→ TO DO: Each entry below is to be reproduced exactly, though any pictures it holds must be omitted.

(Dataset entries)

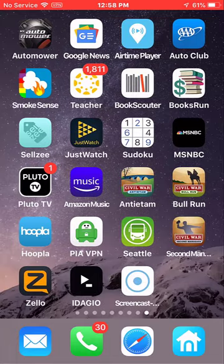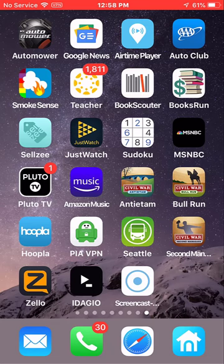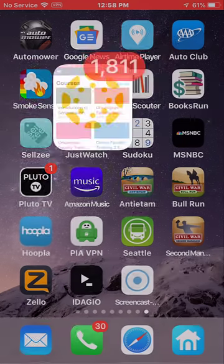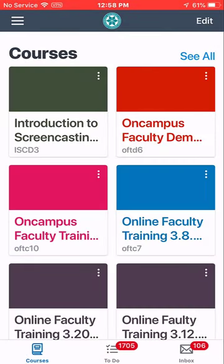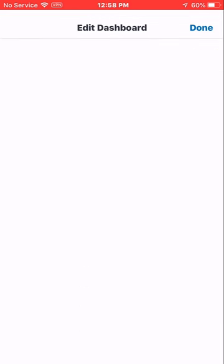Managing your Canvas Desktop in the Canvas Teacher app. Let's go to Teacher. To determine which courses you see in your Canvas desktop on the app, you can go to the Edit button here.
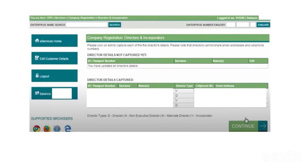The next step is a summary page showing all the details you entered for the directors and the company. Check that everything is correct — you can modify or edit any details if you missed something or need to change anything. Once you are satisfied with all the information, at the bottom of the page click Lodge Company.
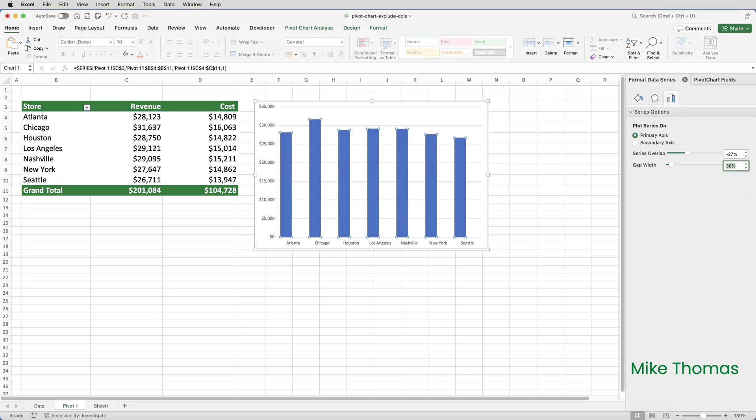They just have no fill, so you can't see them. The trick now is to change the series overlap, which you can see on the right hand side of the screen in the format data series panel. But I'll explain before I do it what the series overlap is. It's basically how much the bars overlap each other.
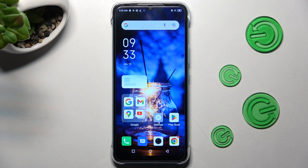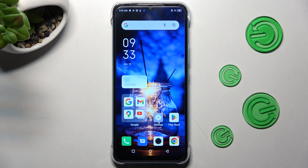In front of me is the Infinix Hot 20i, and today I would like to show you how you can change the theme of this Infinix.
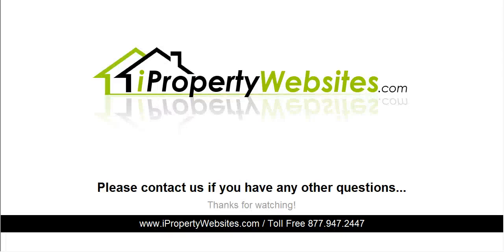This completes the session. If you need further assistance, please call 877-947-2447.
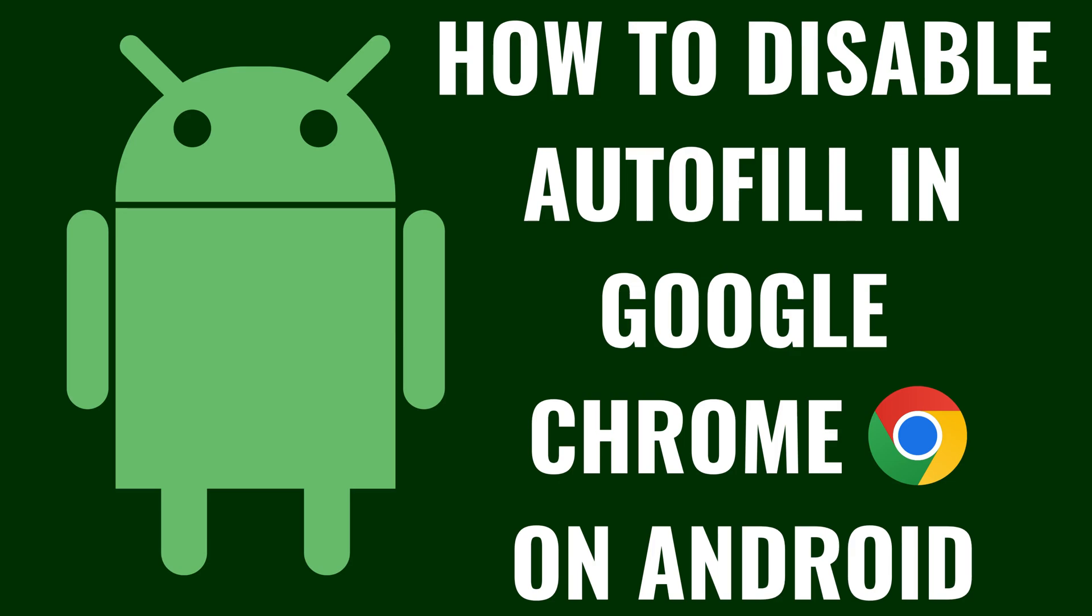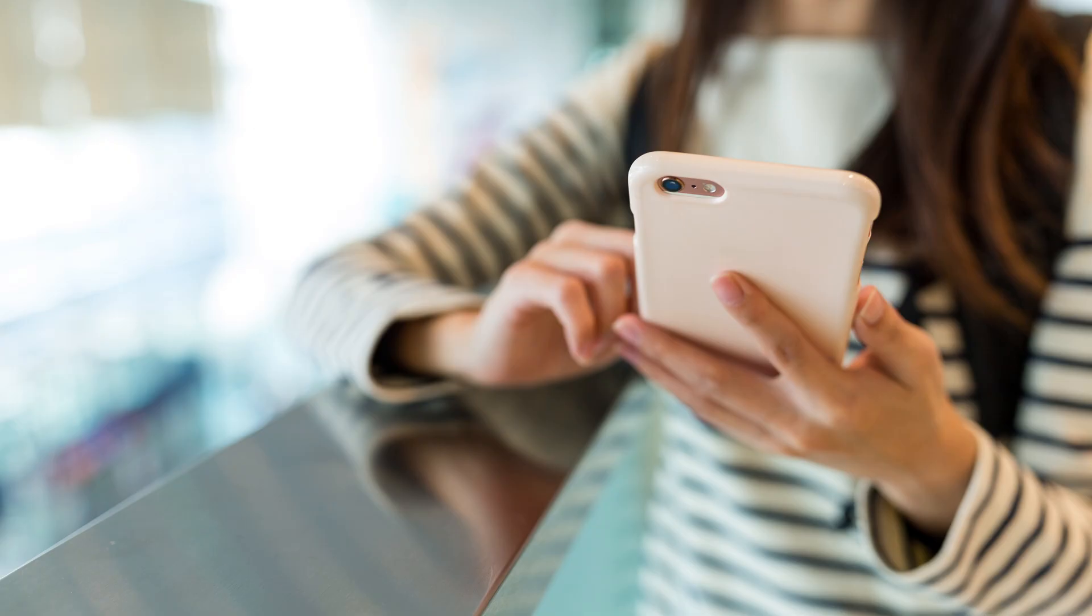I'm Max Dalton, and in this video I'll show you how to disable Autofill in Google Chrome on your Android device. Specifically, I'll show you how to turn off Autofill for payment and address information.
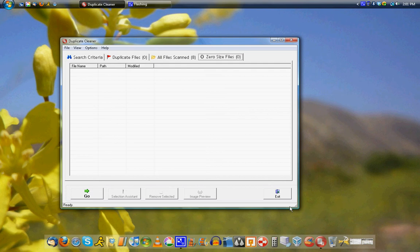So that's pretty much it. It's a very basic one-purpose program that does that, and it works well. I used it to clean up my hard drive and I think you should too, because it's a great program. So anyway, thanks for watching, and bye.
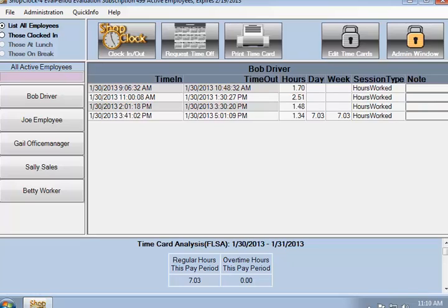Decimal hours are nice if you want to check the computer's addition because they can easily be added. On the other hand, most people are more comfortable with hours and minutes. It really doesn't matter. Anyone can switch the way the time is displayed to whichever format they like best whenever they want.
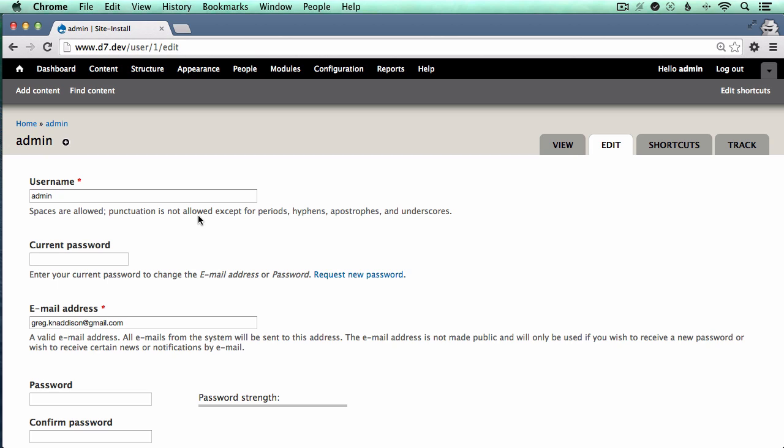So I have a sample site set up here. This is an outdated version of Drupal core that is vulnerable to SACore 2014-005, something that was patched in the fall of 2014.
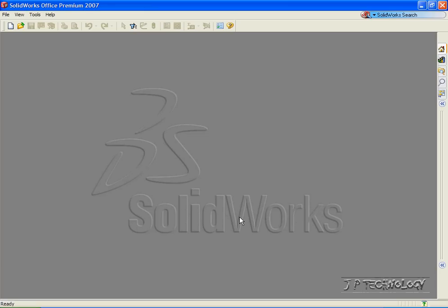This is tutorial number 51 and it covers how to create a design table within SolidWorks. To start off, let's open up a file.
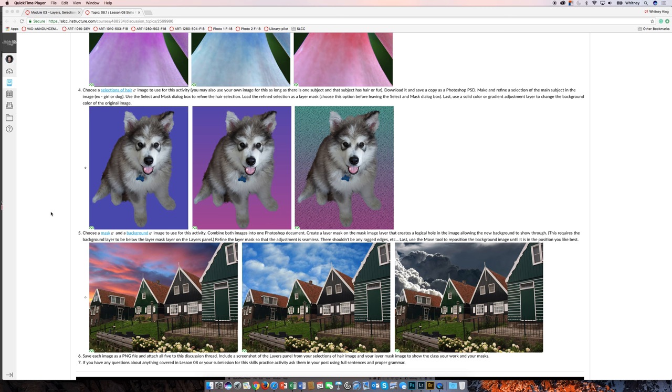Part 5 is the final part of this skills practice. It gives you another opportunity to practice making selections and also to combine some images.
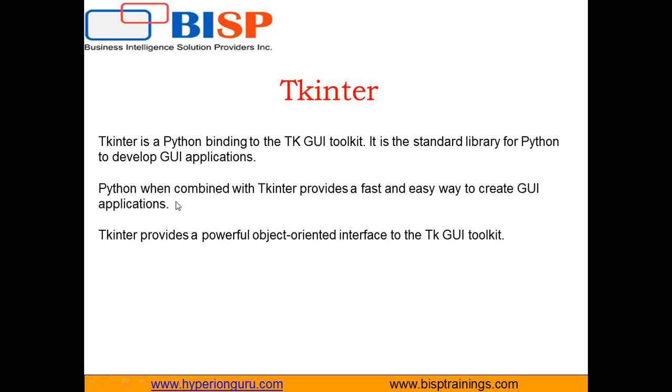Python when combined with Tkinter provides a fast and easy way to create GUI applications. Tkinter provides a powerful object-oriented interface to the TK GUI toolkit. So creating a GUI application using Tkinter is an easy task.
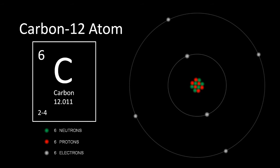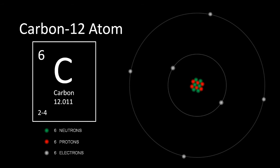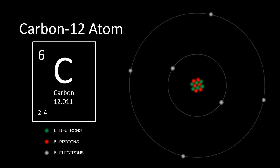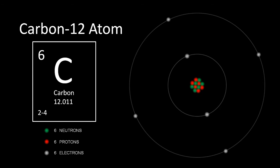Its nucleus has 6 protons and 6 neutrons. Its K-shell has 2 electrons. Its L-shell has 4 electrons.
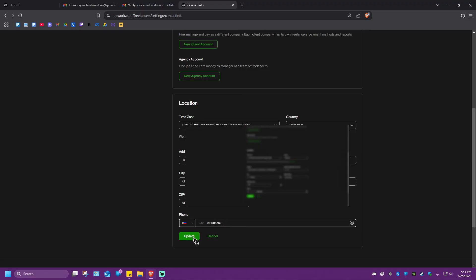All right. Sometimes you might receive an activation code to your phone, which you will input in here. But sometimes it doesn't. Just go ahead and hit on update and you're good to go. That's basically how we verify phone number on Upwork. Well, I hope this video helps and I'll see you in the next one.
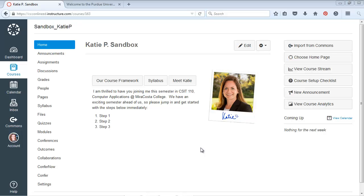Hi again! I want to show you how you can add a link to your course navigation in Canvas.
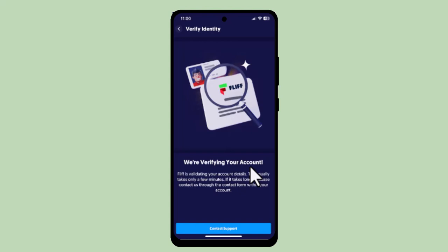Hi everyone. In this tutorial I'm going to show you how you can verify ID on Fliff. All you need to do is make sure that your device is connected to an internet service. You'll have to log in first of all.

→ EXERCISE OUTPUT:
Managing your Canvas Desktop in the Canvas Teacher app. Let's go to Teacher. To determine which courses you see in your Canvas desktop on the app, you can go to the Edit button here.
The next step is a summary page showing all the details you entered for the directors and the company. Check that everything is correct — you can modify or edit any details if you missed something or need to change anything. Once you are satisfied with all the information, at the bottom of the page click Lodge Company.
They just have no fill, so you can't see them. The trick now is to change the series overlap, which you can see on the right hand side of the screen in the format data series panel. But I'll explain before I do it what the series overlap is. It's basically how much the bars overlap each other.
In front of me is the Infinix Hot 20i, and today I would like to show you how you can change the theme of this Infinix.
This completes the session. If you need further assistance, please call 877-947-2447.
I'm Max Dalton, and in this video I'll show you how to disable Autofill in Google Chrome on your Android device. Specifically, I'll show you how to turn off Autofill for payment and address information.
So that's pretty much it. It's a very basic one-purpose program that does that, and it works well. I used it to clean up my hard drive and I think you should too, because it's a great program. So anyway, thanks for watching, and bye.
Decimal hours are nice if you want to check the computer's addition because they can easily be added. On the other hand, most people are more comfortable with hours and minutes. It really doesn't matter. Anyone can switch the way the time is displayed to whichever format they like best whenever they want.
So I have a sample site set up here. This is an outdated version of Drupal core that is vulnerable to SACore 2014-005, something that was patched in the fall of 2014.
This is tutorial number 51 and it covers how to create a design table within SolidWorks. To start off, let's open up a file.
Part 5 is the final part of this skills practice. It gives you another opportunity to practice making selections and also to combine some images.
Python when combined with Tkinter provides a fast and easy way to create GUI applications. Tkinter provides a powerful object-oriented interface to the TK GUI toolkit. So creating a GUI application using Tkinter is an easy task.
Its nucleus has 6 protons and 6 neutrons. Its K-shell has 2 electrons. Its L-shell has 4 electrons.
All right. Sometimes you might receive an activation code to your phone, which you will input in here. But sometimes it doesn't. Just go ahead and hit on update and you're good to go. That's basically how we verify phone number on Upwork. Well, I hope this video helps and I'll see you in the next one.
Hi again! I want to show you how you can add a link to your course navigation in Canvas.
Hi everyone. In this tutorial I'm going to show you how you can verify ID on Fliff. All you need to do is make sure that your device is connected to an internet service. You'll have to log in first of all.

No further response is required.